Poster abstracts

Poster number 13 submitted by Stephanie Biedka

Do ribosomal proteins function in multiple stages of 60S subunit assembly?

Stephanie Biedka (Department of Biological Sciences, Carnegie Mellon University), Hailey Brown (Department of Biological Sciences, Carnegie Mellon University), Jelena Jakovljevic (Department of Biological Sciences, Carnegie Mellon University), John Woolford (Department of Biological Sciences, Carnegie Mellon University)

Abstract:
Assembly of the structural domains of eukaryotic 60S ribosomal subunits occurs in a hierarchical fashion. Previous studies in which individual yeast large subunit ribosomal proteins (RPLs) were depleted revealed that these mutants fell into either early, middle, or late phenotypic classes, as assayed by precursor ribosomal RNA (pre-rRNA) processing and preribosome composition.

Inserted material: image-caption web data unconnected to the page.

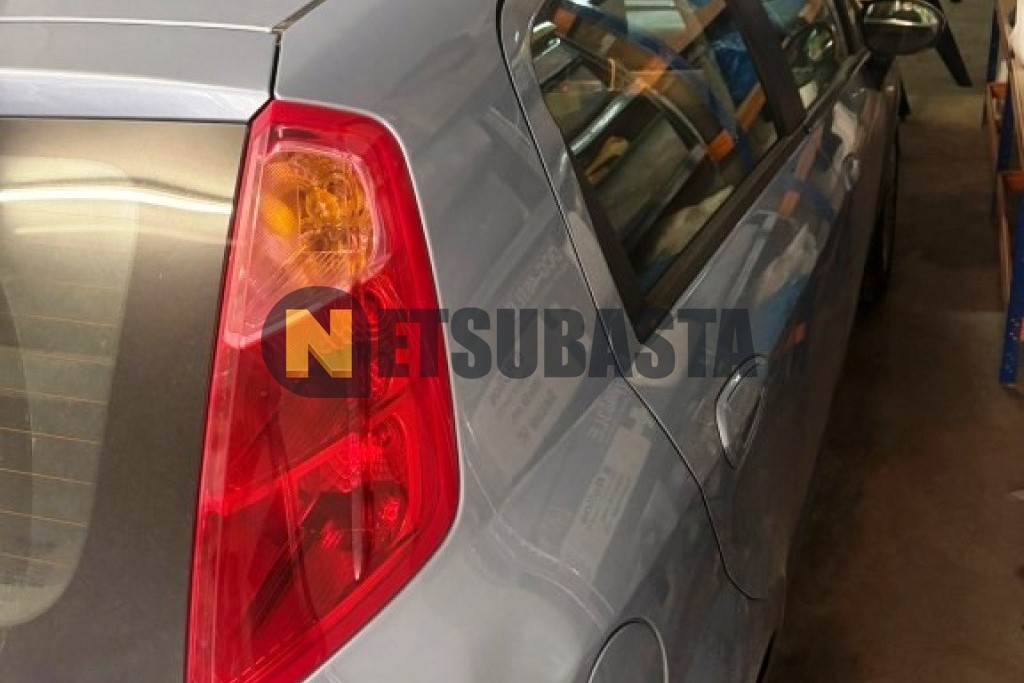 Fiat Grande Punto 1.3 Multijet 2006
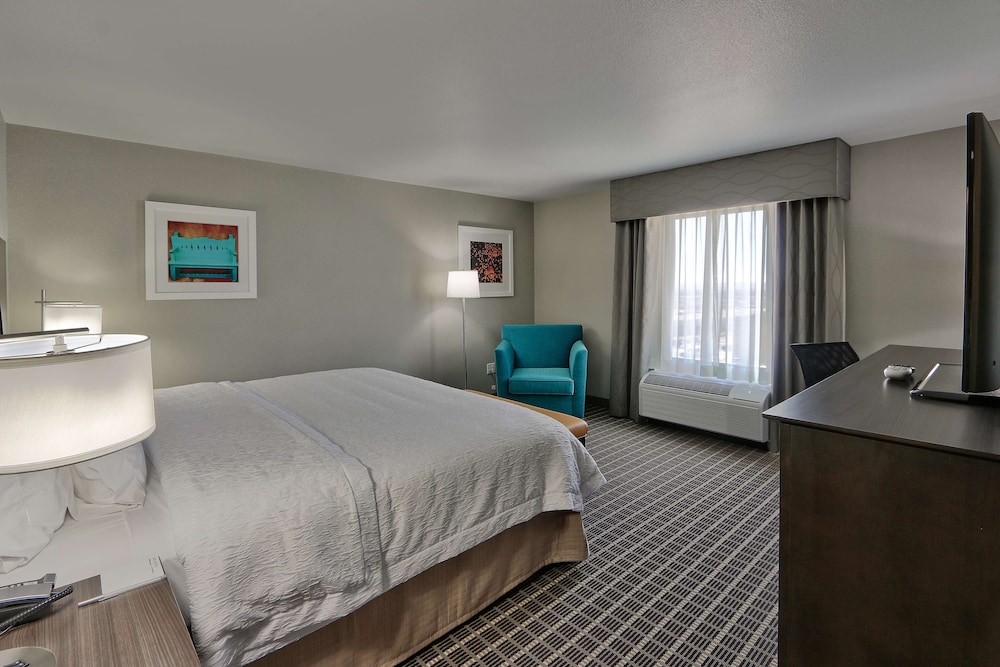 Hampton Inn Suites Albuquerque Airport 21/54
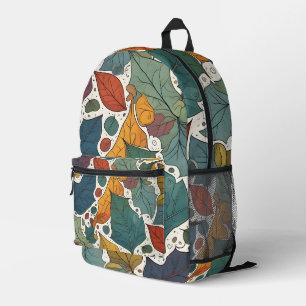 Mochila Impresa Everleaf Harmony
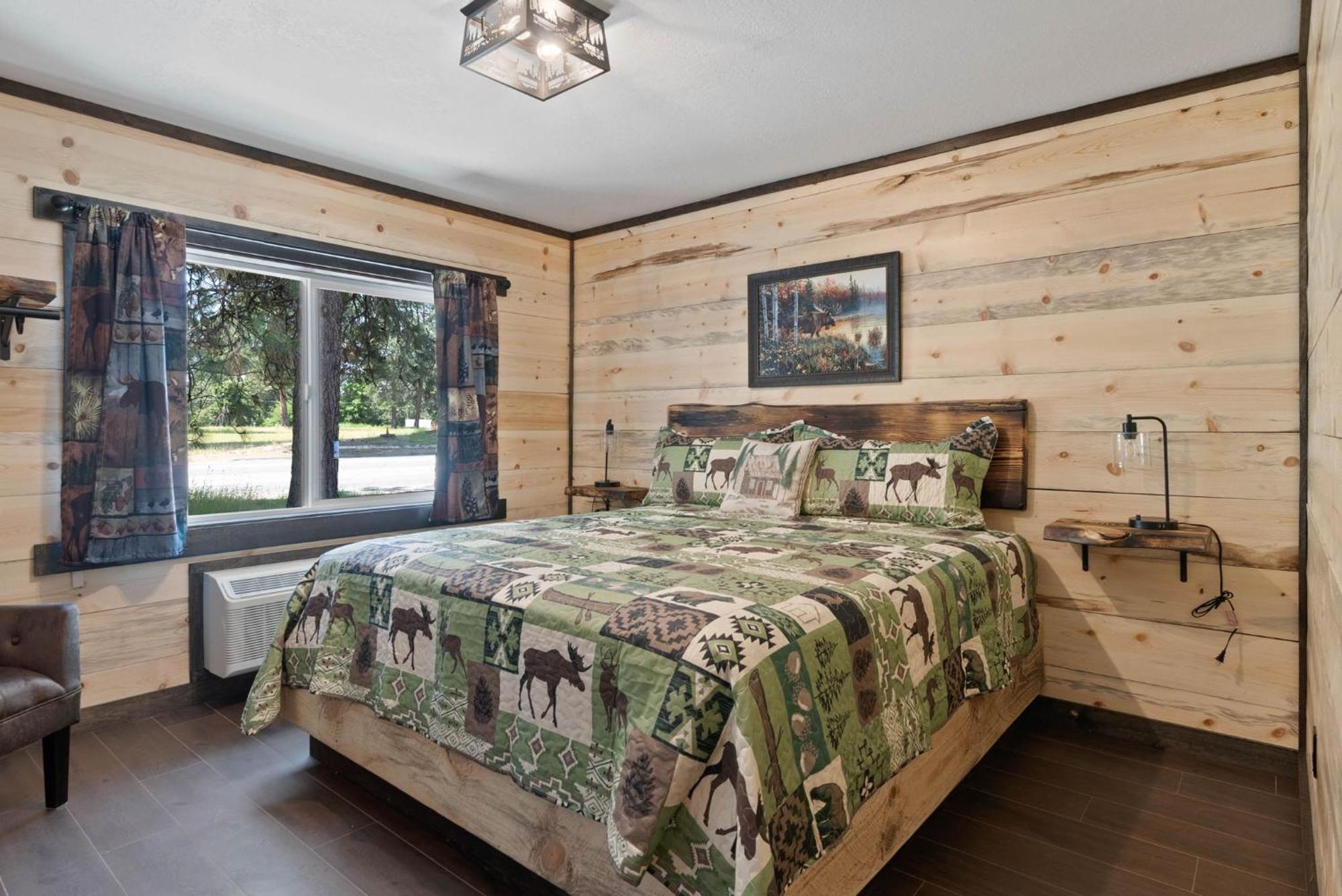 Lake Village Lodge Coeur d'Alene Zewnętrze zdjęcie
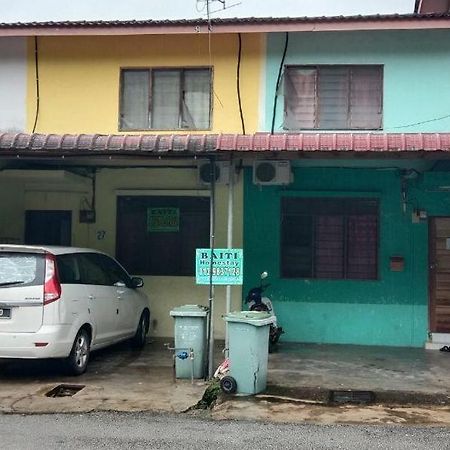 Bajet Homestay - Low Cost Houses Kuantan Exterior foto
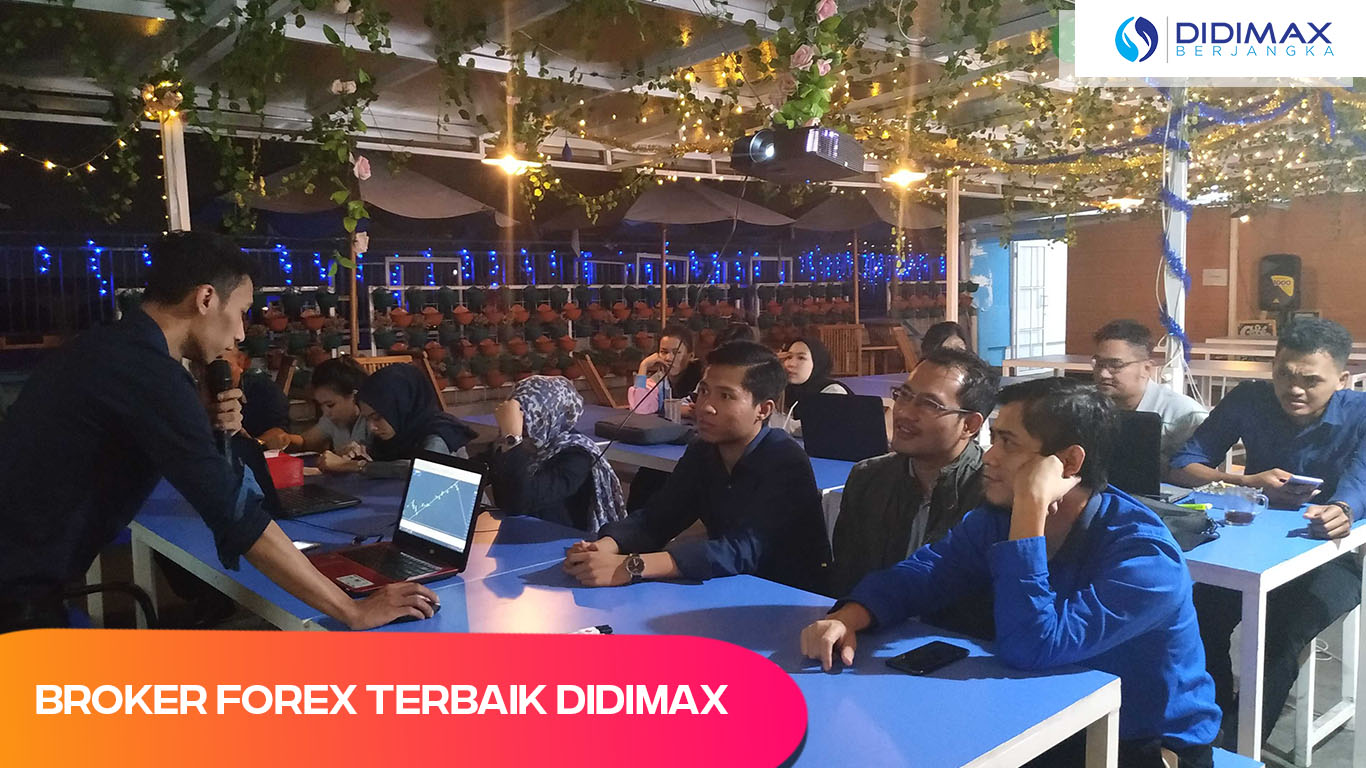 KOMUNITAS FOREX TERBAIK DI WAY KANAN LAMPUNG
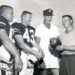 Bobby Bowden during his time with Howard College, late 1950's (Photo COurtesy of Samford University Library)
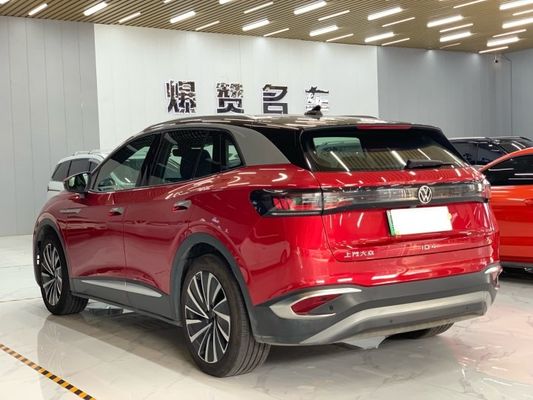 ID4 X 2023 VW EV Samochody 425-607KM Szybki SUV 5 drzwi 5 miejsc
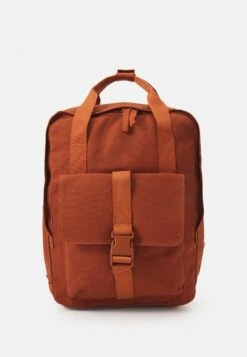 Pier One UNISEX - Tagesrucksack - Brown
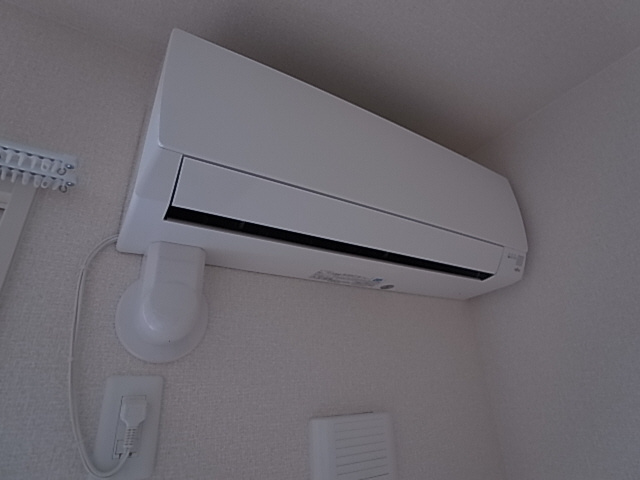 神戸市長田区雲雀ケ丘３丁目のアパートの設備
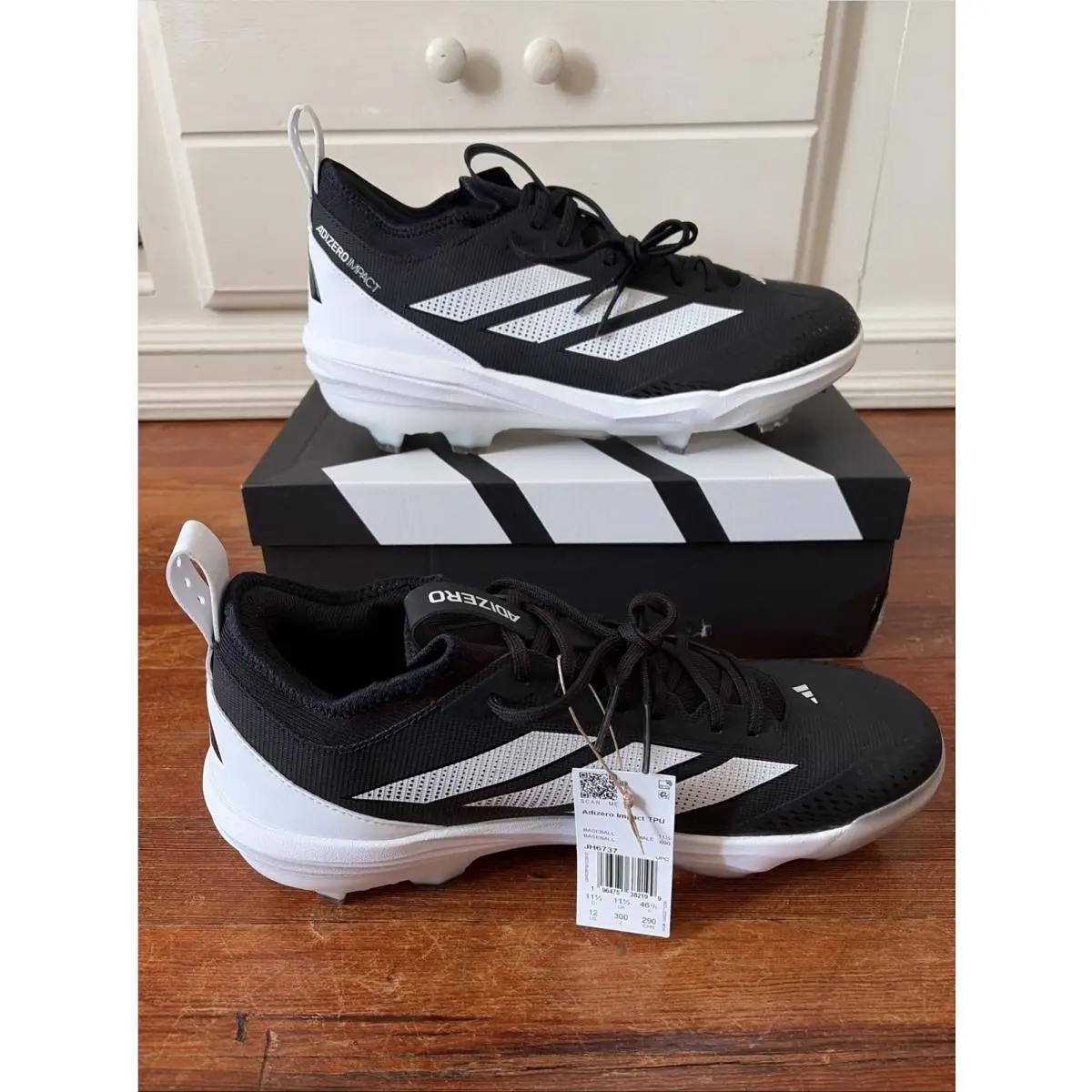 Adidas shoes - adidas Adizero - Adizero - JH6737 - Multicolor (UPC: 0196475382175) 0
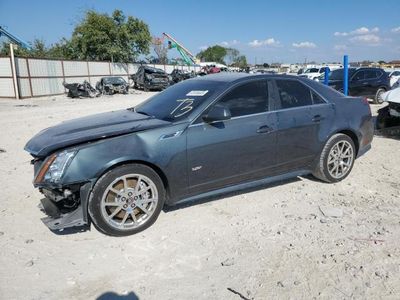 Cadillac CTS-V Salvage Cars for Sale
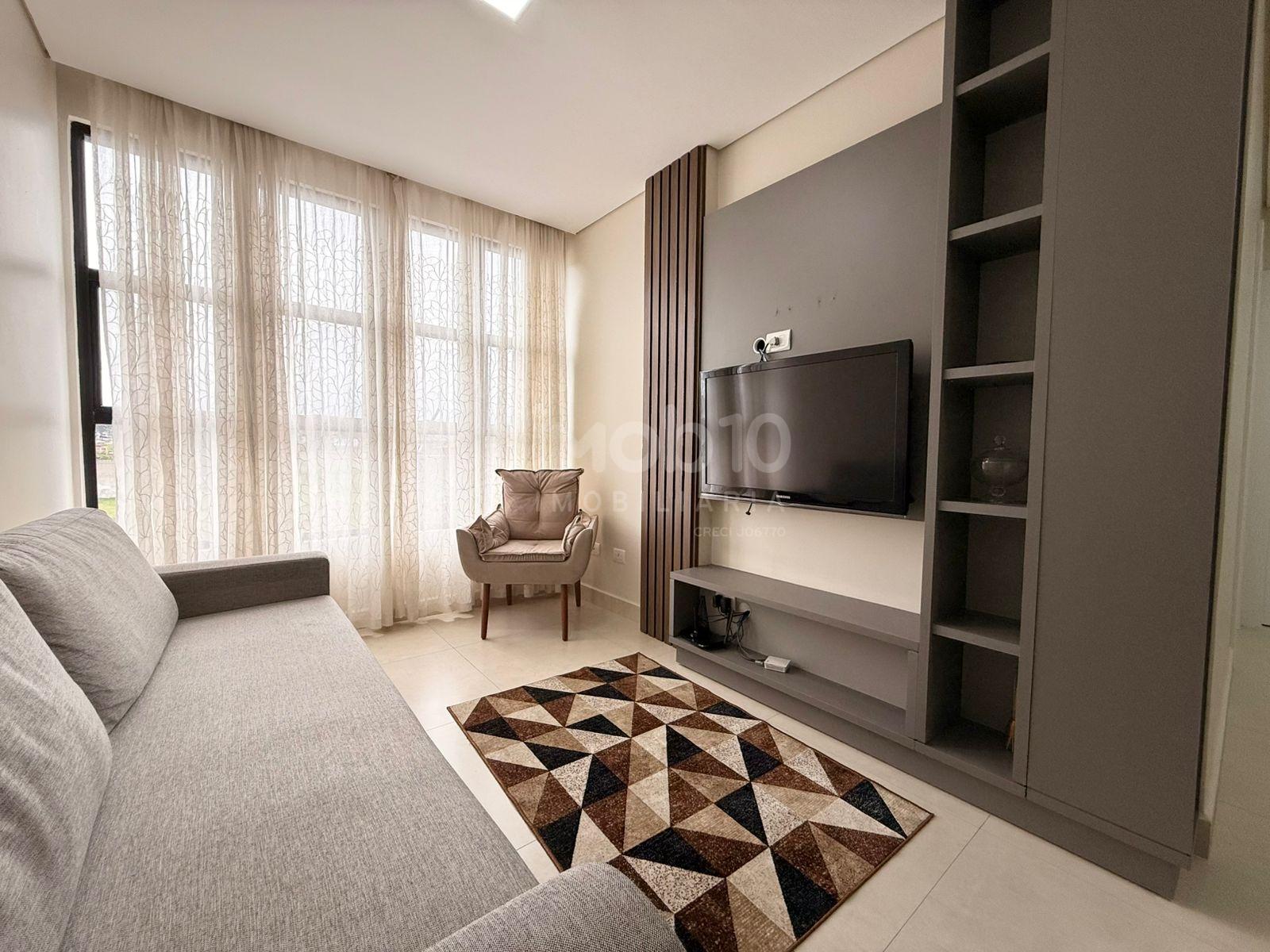 Apartamento com 2 dormitórios para locação, FOZ DO IGUACU - PR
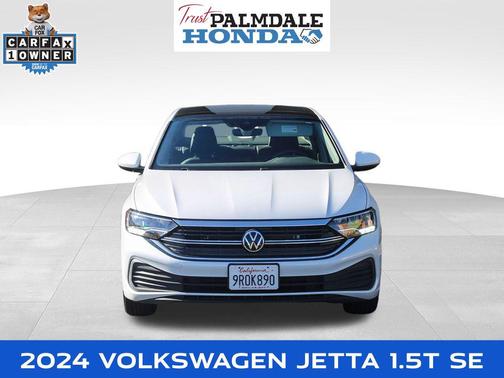 2024 Volkswagen Jetta 1.5T SE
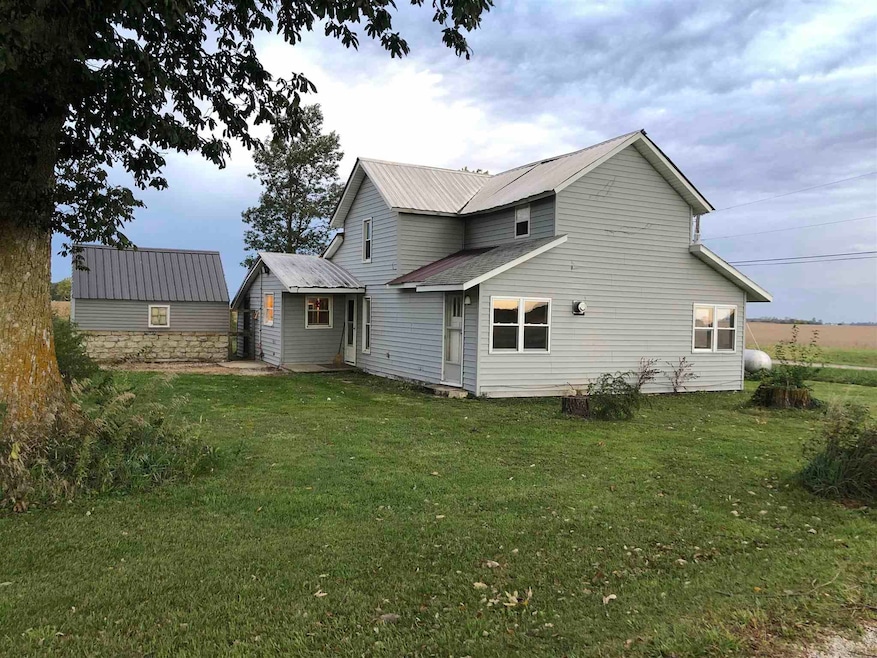 8010 S 200 W, Poneto, IN 46781 - photo 1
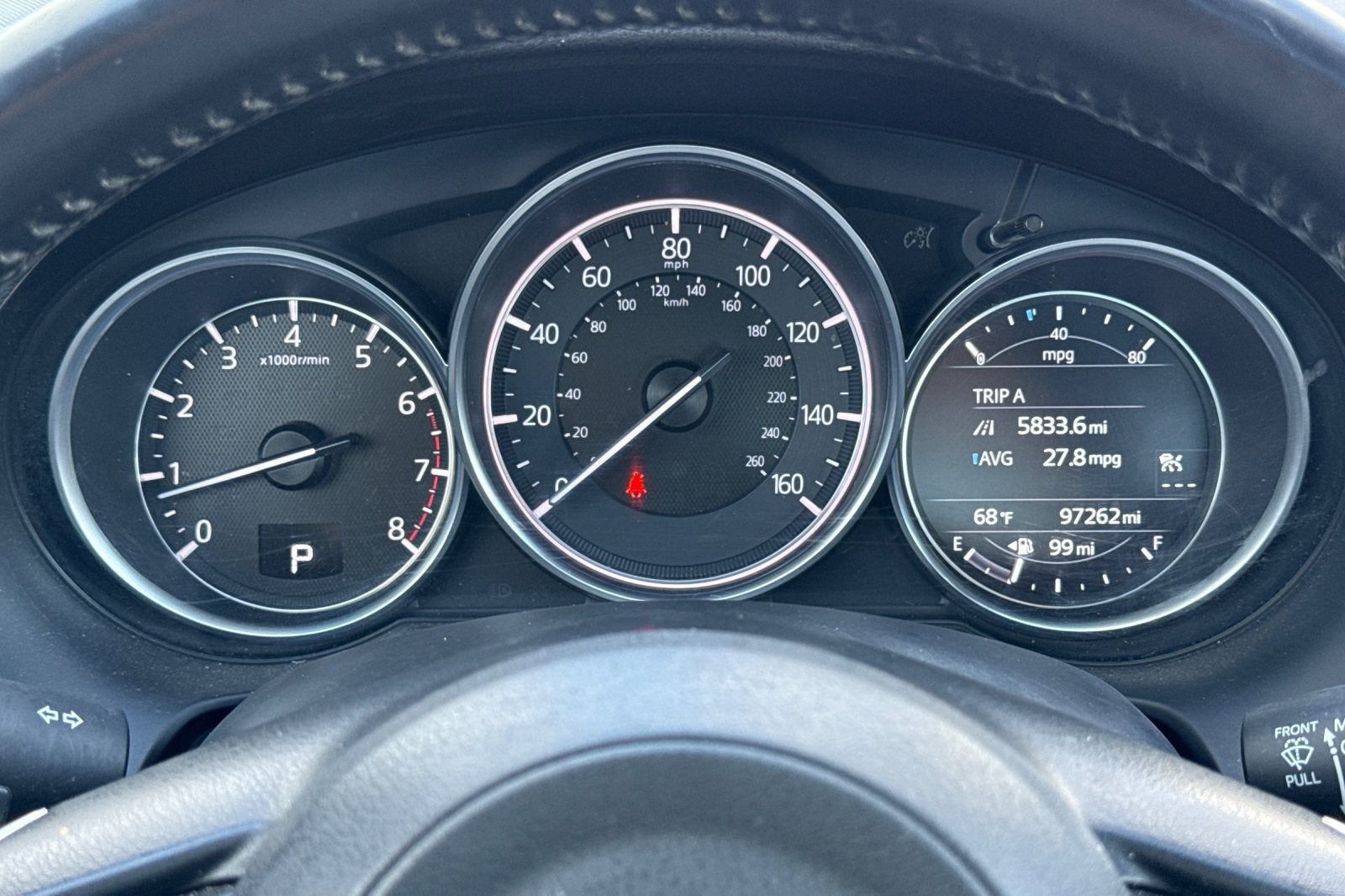 2017 Mazda Mazda6 Grand Touring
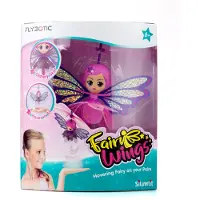 Dumel Flying Fairy Wings 84565 Silverit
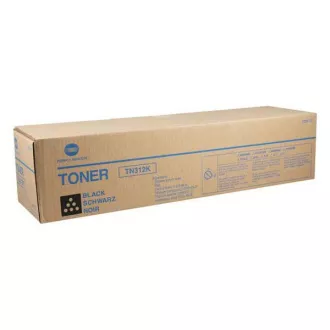 Konica Minolta TN-312 (8938705) - toner, black (černý)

While this initial approach was critical in the development of the hierarchical model, its main shortcoming is that many RPLs contact more than one domain of the large subunit, and depletion does not allow us to determine if a given RPL functions in more than one stage of assembly. L7 (uL30) and L20 (eL20) are two such RPLs that contact multiple rRNA domains in the mature large subunit. To begin addressing whether they might play roles in multiple stages of assembly, we are making site-directed mutations in L7 and L20. These RPLs are known to function early in large subunit assembly, but their proximity to 5S rRNA in the mature large subunit suggests that L7 and L20 could also function in later stages of assembly. Our site-directed mutations focus on disrupting the interactions between these RPLs and both 5S and 25S rRNA, allowing us to investigate the importance of the contacts that L7 and L20 make with 5S and 25S rRNA. We are studying the effects of these mutations on growth, pre-rRNA processing, preribosome composition, and RNA structure in order to determine if L7 and L20 might have additional roles later in large subunit assembly in addition to their known early roles.